I'm just from meeting, Susie, and as I sorely feared, my `life' was made a `victim: I walked‑Iran‑I turned precarious corners‑One moment I was not‑then soared aloft like phoenix, soon as the foe was by‑and then anticipating an enemy again, my soiled and drooping plumage might have been seen emerging from just behind a fence, vainly endeavoring to fly once more from hence.

 

She also expressed her growing fears and her yearning for some "New Land" to her friend, Mrs. J.G. Holland: "I often wish I was a grass, or a toddling daisy, whom all these problems of the dust might no more terrify." "Pardon my sanity," she pleaded, "in a world insane, and love me . . . .”13

 

In 1858 the tone of her letters began to change dramatically. No longer coherent and flowing, they became cryptic, mysterious, choppy, and superficially disordered. They also dealt more and more with her growing concern for her mental stability. For instance, in 1859, she wrote to Catherine Turner:

 

Insanity to the sane seems so unnecessary‑but I am only one, and they are `four and forty' . . . . I am pleasantly located in the deep sea, but love will row you out if her hands are strong, and don't wait till I land, for I'm going ashore on the other side

 

The image of the sea, as used here, reappears constantly in Dickinson's writing. As it had been for the Old Testament prophets, as it had been for Puritan New England from the first coming over, as it continued to be for writers like Melville, the sea was an image of a state of mind beyond the borders of waking consciousness, of the wilderness within the soul. Like the wilderness that the children of Israel crossed, the sea was a type of that subconscious realm of terror that had to be crossed before there could be true salvation.

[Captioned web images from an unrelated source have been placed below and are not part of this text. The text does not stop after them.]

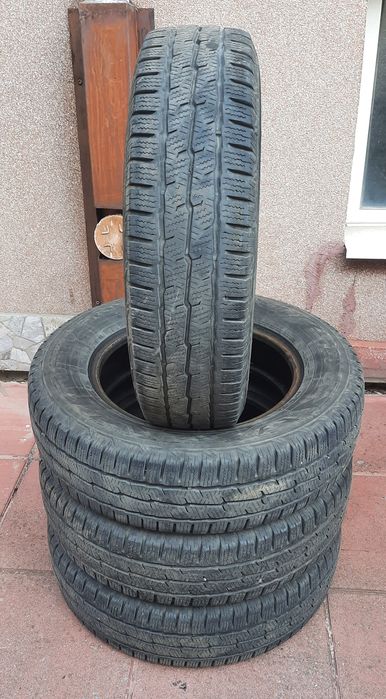 4 броя бусови гуми 195 75 16с toyo dot22 8mm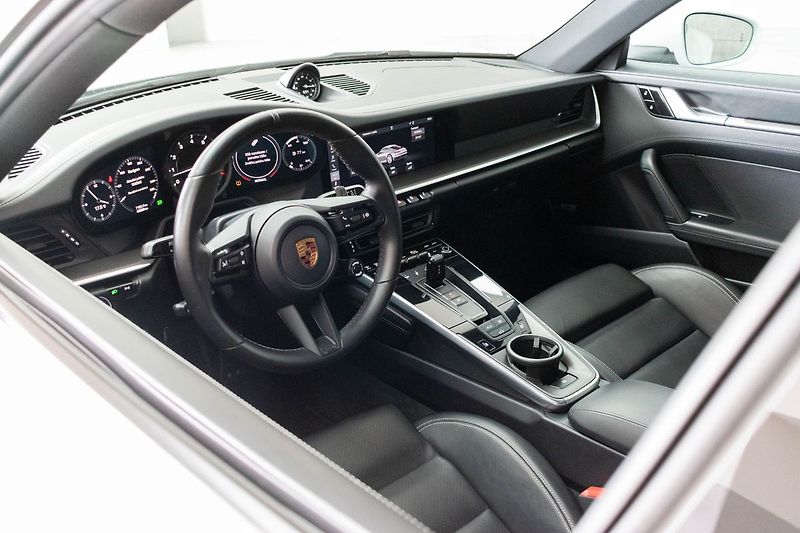 Porsche 911 CARRERA S - fotka 9 z 34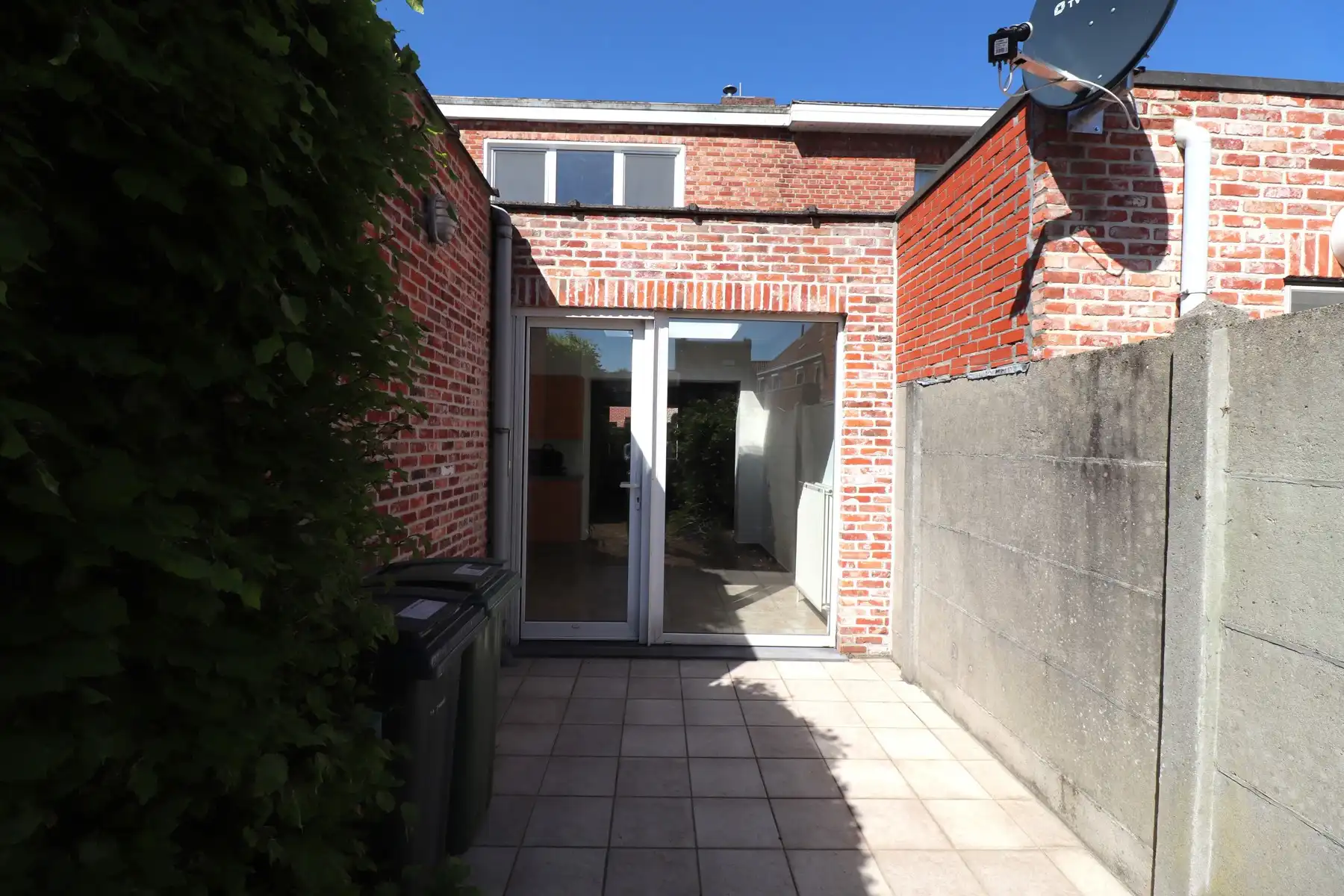 Stadswoning met 3 slaapkamers en tuin. foto 14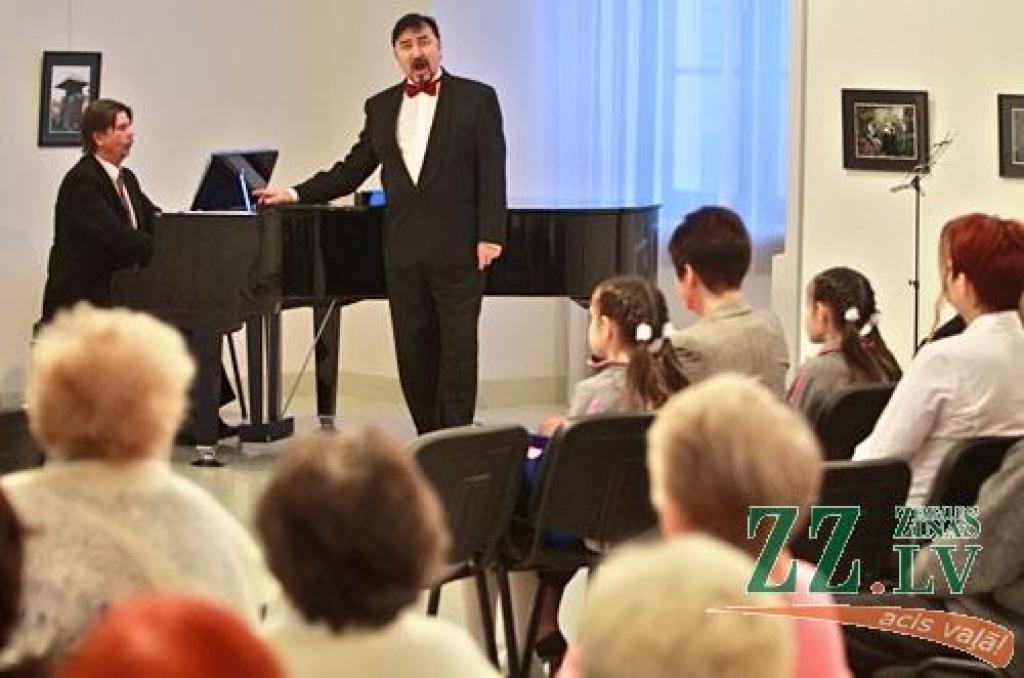 Rītvakar pulksten 17.30 ar koncertu «Russkije napevi» pilsētas kultūras namā, kur līdz ar Jelgavas kolektīviem «Slavjanočka» un «Zvonņica» uzstāsies arī jēkabpilieši un viesi no Krievijas pilsētas Kirovas, noslēgsies krievu kultūras...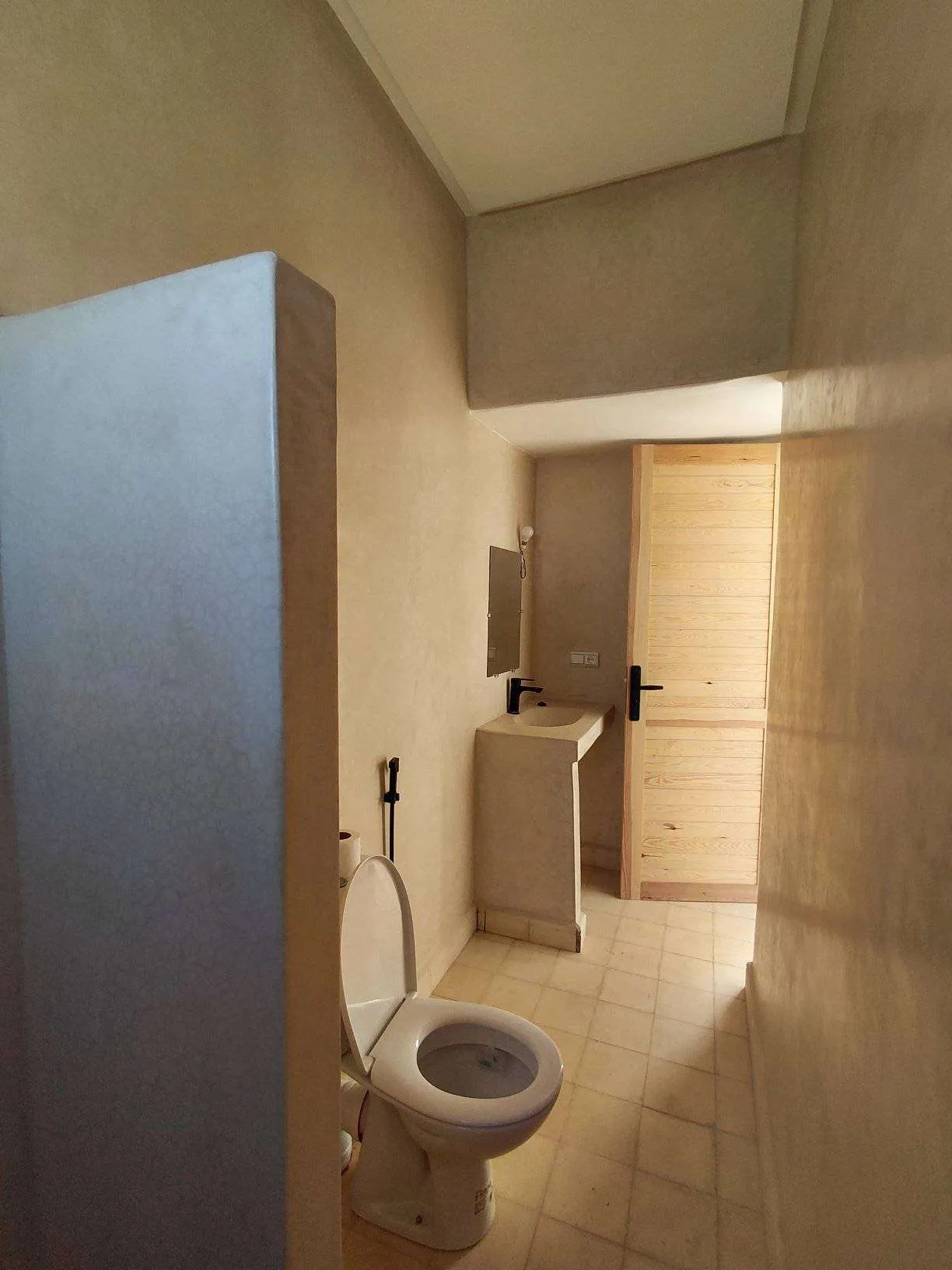 Fifth bedroom with private bathroom and comfort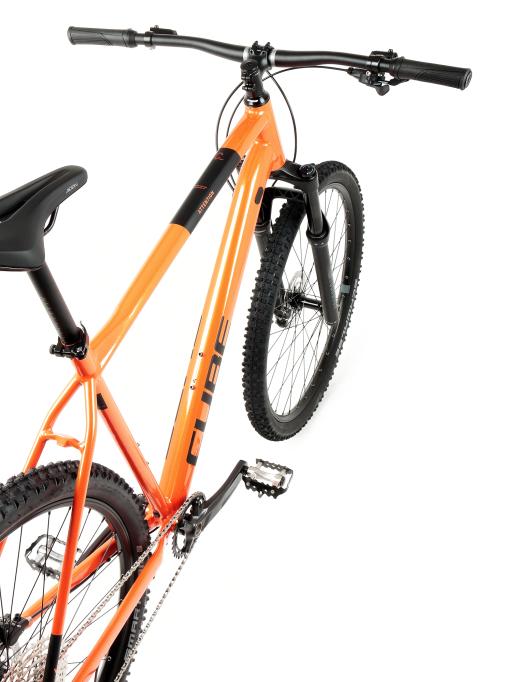 Kolo MTB 29" Cube Attention Shimano Deore 1x11, velikost M – 16", oranžová/černá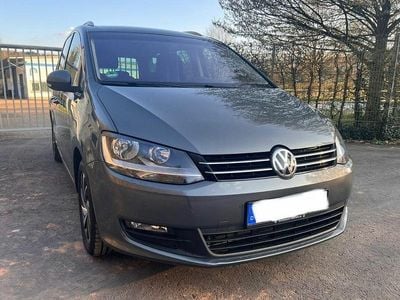 Gebraucht VW Sharan Sound 184 PS (135 kW) 2017 Grau Van / Kleinbus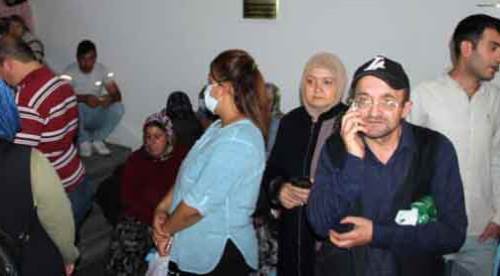 Afyon'da vatandaş derdini anlatabilmek için kuyruğa girdi!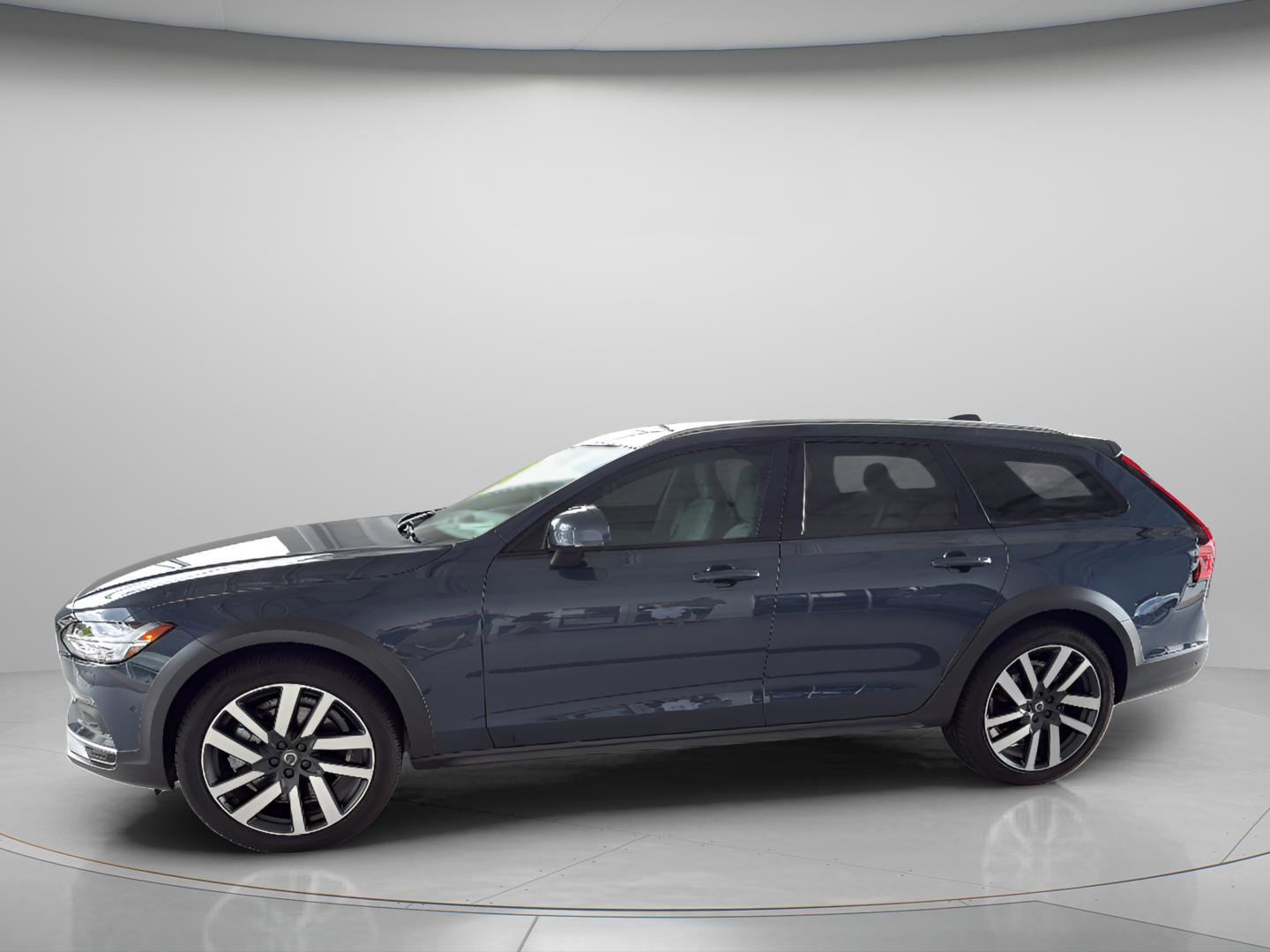 2025 Volvo V90 Cross Country Ultra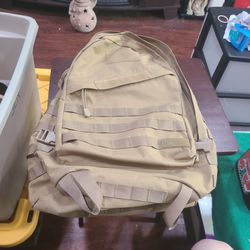 HIGHLAND TACTICAL Tactical Backpack, Desert, 19 Inch

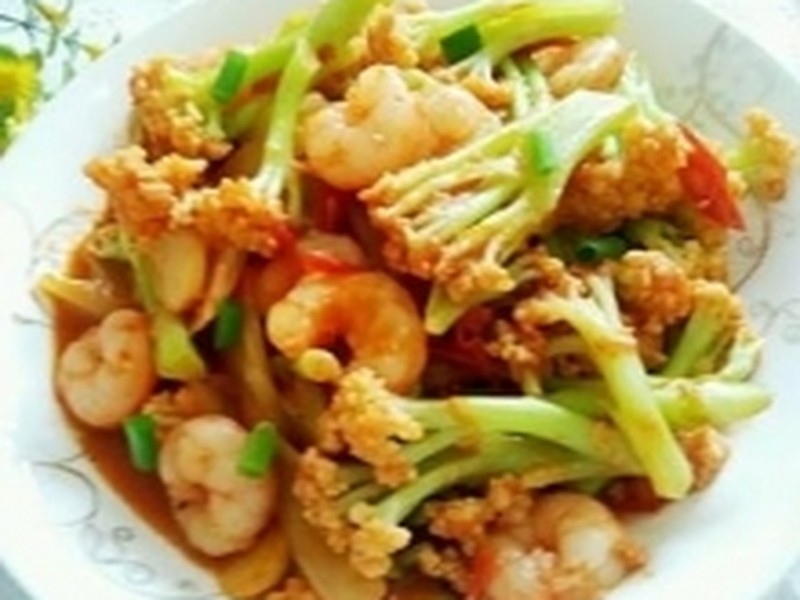 西红柿虾仁炒菜花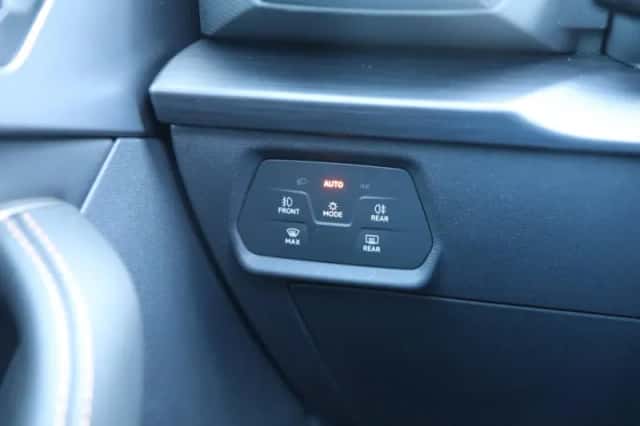 CUPRA Leon Sportstourer (2024) thumbnail 32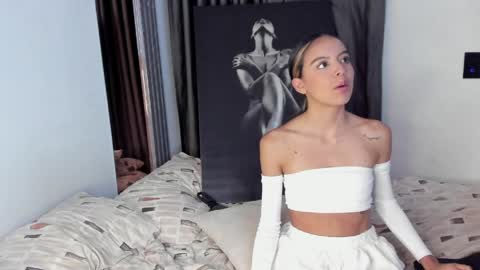 Snapshot of anotella_aa chatting on May 2026 11:45:02 PM anotella_aa online show from May 2026 11:45:02 PM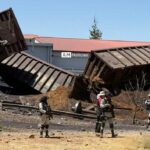 Aparatoso accidente ferroviario: tren pierde el control y provoca escena de riesgo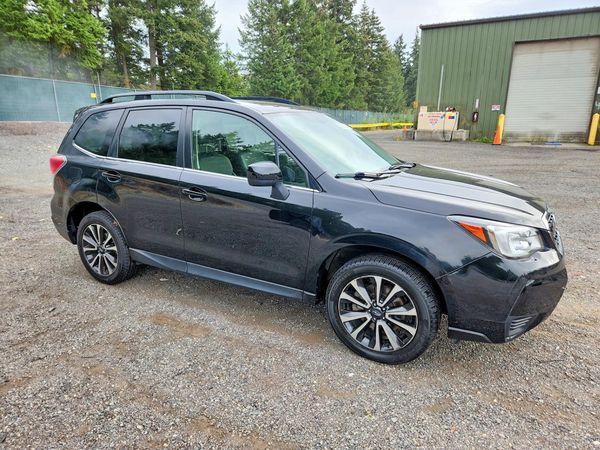 2018 SUBARU FORESTER Premium+CWP — Passenger 3/4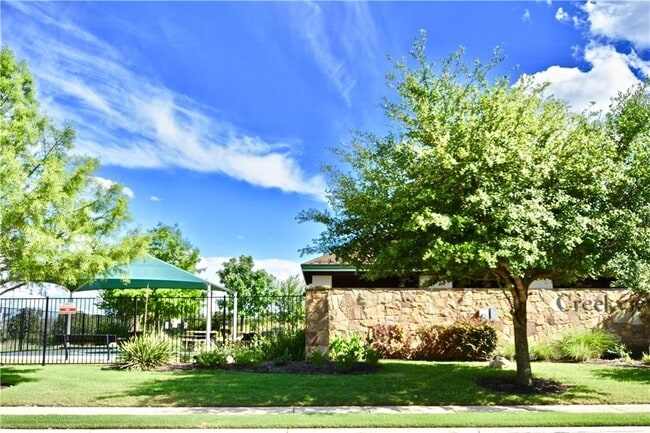 Building Photo - 1807 Slate Creek Dr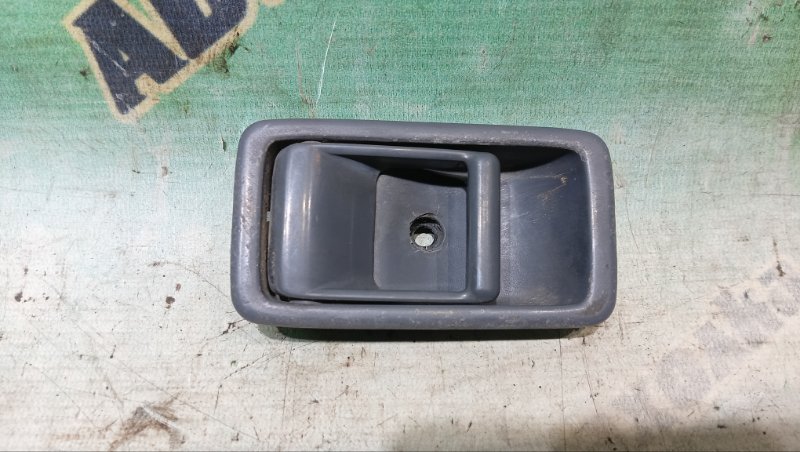 Ручка двери внутренняя NISSAN VANETTE SK82MN F8 2002 передняя левая (б/у)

It is clear that Dickinson imagined herself already floating away from "reality" into a space beyond ordinary frames of reference. When a friend's child died at birth, Dickinson wrote to her, "We don't know how dark it is, but if you are at sea, perhaps when we say that we are there, you won't be as afraid." She knew, even then in 1860, that she was not one of the "Majority" but was sailing into "Madness" and would be considered "dangerous‑/ And handled with a Chain‑" (J435). And then she sailed over the edge.14

 

It is not possible to date exactly the moment of Emily Dickinson's crisis. But that something happened, and that she remembered it happening on a particular day, is clear from her poetry. According to Cody, this "terrible sundering of the personality's connection with reality" is probably the "most terrifying" experience that a person can undergo. There is a "dread of impending loss of control" followed by an apocalyptic break.15 Dickinson poetically depicts this event as a steady drumming that breaks through the thin covering that holds sanity over the pit:

 

I felt a Funeral, in my Brain,

And Mourners to and fro

Kept treading‑treading‑till it seemed

That Sense was breaking through

 

And when they all were seated,

A Service, like a Drum

Kept beating‑beating‑till I thought

My Mind was going numb

 

And then I heard them lift a Box

And creak across my Soul

With those same Boots of Lead, again,

Then Space‑began to toll,

 

As all the Heavens were a Bell,

And Being, but an Ear,

And I, and Silence, some strange Race

Wrecked, solitary, here

 

And then a Plank in Reason, broke,

And I dropped down, and down

And hit a World, at every plunge,

And Finished knowing‑then                     (J‑280)

 

Here, in a nondoctrinaire, nondogmatic form, are the classic Calvinist images of the crisis of conversion as they apply to the sinner first awakened to the terrors of the wrath of God. Here is the beating on the mind like Christ knocking on the door to the heart, here is the breaking of the rotten plank over the pit of hell as worldly sense perception rots and consciousness plunges into subconsciousness, here is the complete surrender of finite being to God's sovereignty, here is the loneliness of the lost sinner who cannot hear the heavenly music, and here is the complete destruction of reason. The central image of human consciousness suspended over the pit of hell is a striking and unmistakable aspect of Dickinson's poetry:

 

                        A Pit‑but Heaven over it

And Heaven beside, and Heaven abroad,

And yet a Pit

With Heaven over it.

 

                        To stir would be to slip­

                        To look would be to drop‑ ....          (J‑1712)

 

That this pit is of the mind is made clear when Dickinson says, "The depth is all my thought‑." And in another poem, she reveals her understanding that the terror of the pit is in what today is called the subconscious, repressed, silent, but waiting:

 

Its Hour with itself

The Spirit never shows.

What Terror would enthrall the Street

 Could Countenance disclose

 

The Subterranean Freight

The Cellars of the Soul

Thank God the loudest Place he made

Is licensed to be still.                                      (J‑1225)

 

The day of revelation was a day of madness, a plunge into total depravity, an experience so powerful that ever after she recalled it with awe, and named it:

 

The first Day's Night had come­

And grateful that a thing

So terrible‑had been endured­

I told my soul to sing­

 

She said her Strings were snapt­

Her Bow‑to Atoms blown­

And so to mend her‑gave me work

Until another Morn­

And then ‑a Day as huge

As Yesterdays in pairs,

Unrolled its horror in my face­

Until it blocked my eyes­

 

My Brain‑begun to laugh

I mumbled‑like a fool

And tho' 'tis Years ago‑that Day

My Brain keeps giggling‑still.

 

 And Something's odd‑within‑

That person that I was

And this One‑do not feel the same

Could it be Madness‑this?                     (J-410)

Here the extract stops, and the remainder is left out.